Working in the energy sector is an inherently political activity. I once sat opposite a friend of a friend at lunch, and when she found out that I covered the energy business and then quizzed me on the industry’s practices, asked if I found people often wanted to hit me. I don’t find that, but the way a modern economy depends on the energy business means that everyone – along the entire spectrum of beliefs – also has opinions about its politics in ways that don’t necessarily reflect a subtle, shifting, complex reality.

Over the course of 2012, we’ve been focusing on the issues at play in energy politics, and have gathered them together in a special hub that can be found on Breaking Energy here.
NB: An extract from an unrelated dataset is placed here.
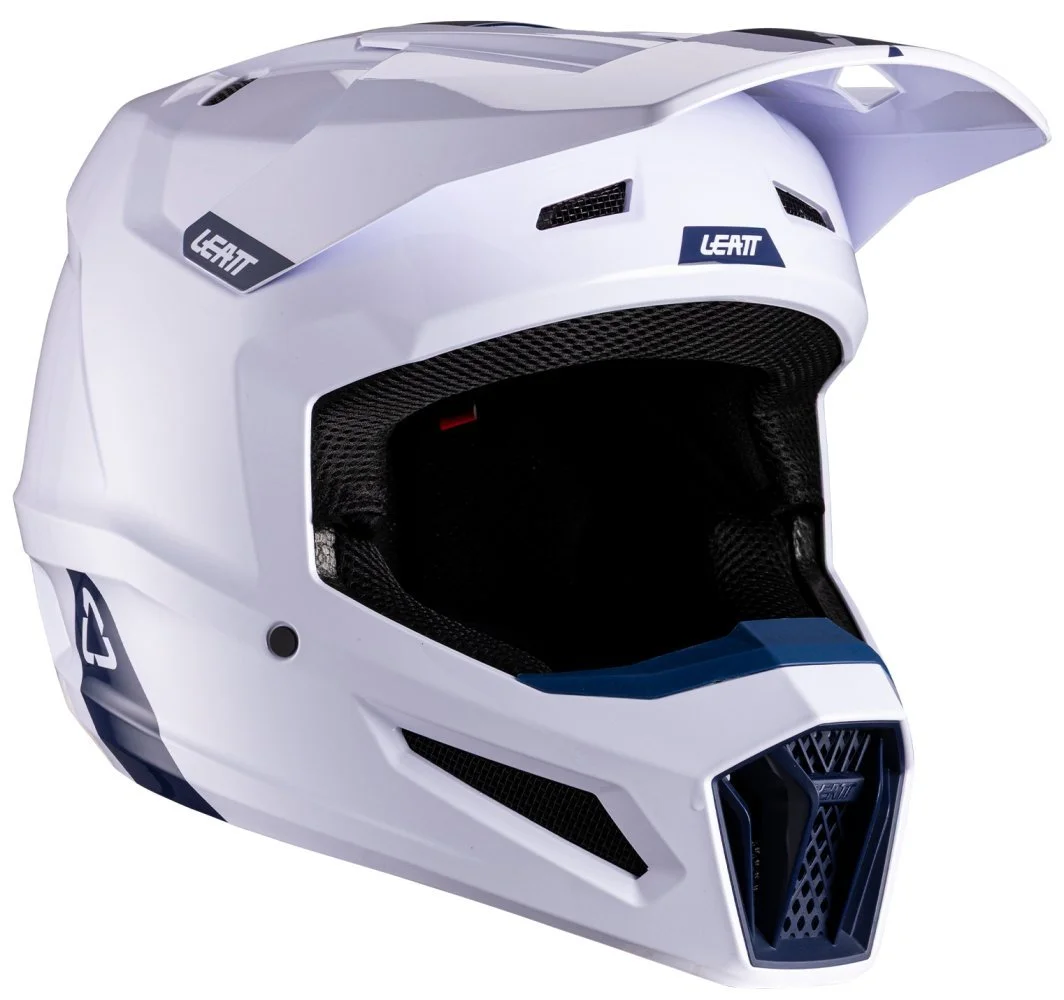 Leatt MOTO 2.5 HELMET [WHITE]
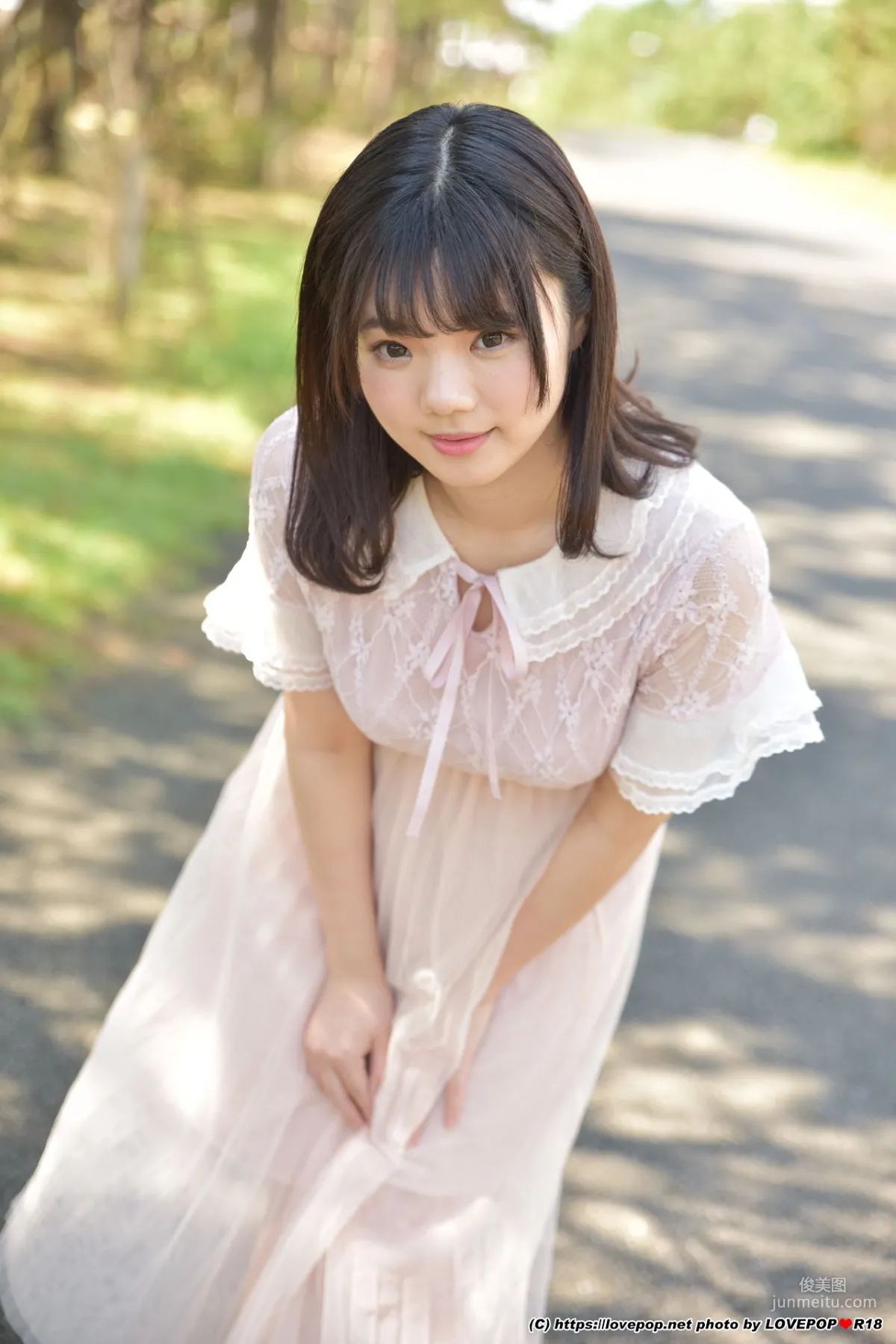Mei Tachibana 立花めい [LOVEPOP] Photoset 08 寫真集 17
A heavily contested presidential election against the background of sweeping changes in the energy sector itself proved a perfect time to reexamine long-held theories about the politics of energy. While the traditional cultural understanding of resource-access-obsessed oil and gas executives locked in battle with environmental activists constantly advocating for more stringent regulations remains an easy and valid way of portraying energy politics in the US as we leave 2012 for the uncertain future of 2013, we also discovered some surprising new industry trends and political developments that may undermine the ferocity of old disputes while giving rise to new standoffs.

1. The Energy Sector is now a technology sector as much as it is an industrial sector.

Disruptive technology is usually held to be the province of laptop-fueled startups in trendy warehouse spaces, but the same questioning of long-held assumptions and reliance on innovation to drive change has emerged as a specialty at large, traditional oil and gas companies too.

Hydraulic fracturing – fracking – is the obvious technology change that has reawakened the US domestic energy sector, but other changes have also swept across the industry. In situ development of oil sands, use of solar in extraction techniques and use of biomaterial in fracking fluids are signs of an industry alive with change and responsive to disruptive technology.

With new small-scale nuclear technology, rapidly climbing capacity factor for renewable energy and auto innovations driving long-overdue changes in the transportation sector, energy giants now have common cause with innovative firms across other sectors, including IT. That makes them part of the new economy, committed to innovation and policies that support it, no matter how stodgy they may at first appear.

2. Energy Policy needs to change to accommodate an era of fossil fuel abundance.

After an early head start, the US responded to energy shortages in the Second World War by kicking off an energy policy designed to support production at all costs, and set up management and regulatory structures based on the belief that there will be less energy tomorrow than there was today. Despite a series of production booms and resulting price crashes, the perception that the world is “running out” of energy sooner rather than later continues to define political understanding of North American energy.

No longer. The same technology advances discussed above now mean that regulatory approaches to the sector will have to focus on how and why demand growth occurs; increasingly credible forecasts show that availability of oil and natural gas may be the least of the US political problems around energy. Spending the resource wisely will be the focus of next-generation energy policy, and it doesn’t take much to imagine that (to simplify matters) the difference between becoming a Norway and becoming a Venezuela lies in policy, regulation and national politics as much as it does in access to resources.

3. Traditional methods of distribution are not equipped to handle changes in use.

Early attempts to put the US on a universal smart grid have fallen short of high ambitions, but the promise of technology that tracks usage on a much more granular level and feeds it back to production centers in real time remains revolutionary in ways that go well beyond the vaunted “efficiencies” and “savings” that have set the tone in energy company communications to date.

Companies and customers awakened to the possibility of supply interruptions and reliability changes are now increasingly looking at integrating distributed generation into their portfolios, making them less reliant on centralized state-sanctioned power companies and the politics and regulatory structures that support them. Additionally, use of natural gas in everything from increased power production to transport flowing from regions without access to established distribution networks is shifting political allegiances and identities at the state and regional levels.

None of these shifts is complete, nor are the outcomes definite. But the changes are real, and energy politics is continuing to race to catch up to the reality that disruptive energy technology has begun to create. The rewards are enormous, so expect 2013 to be the year energy politics moves from mainstream consciousness to certifiable action.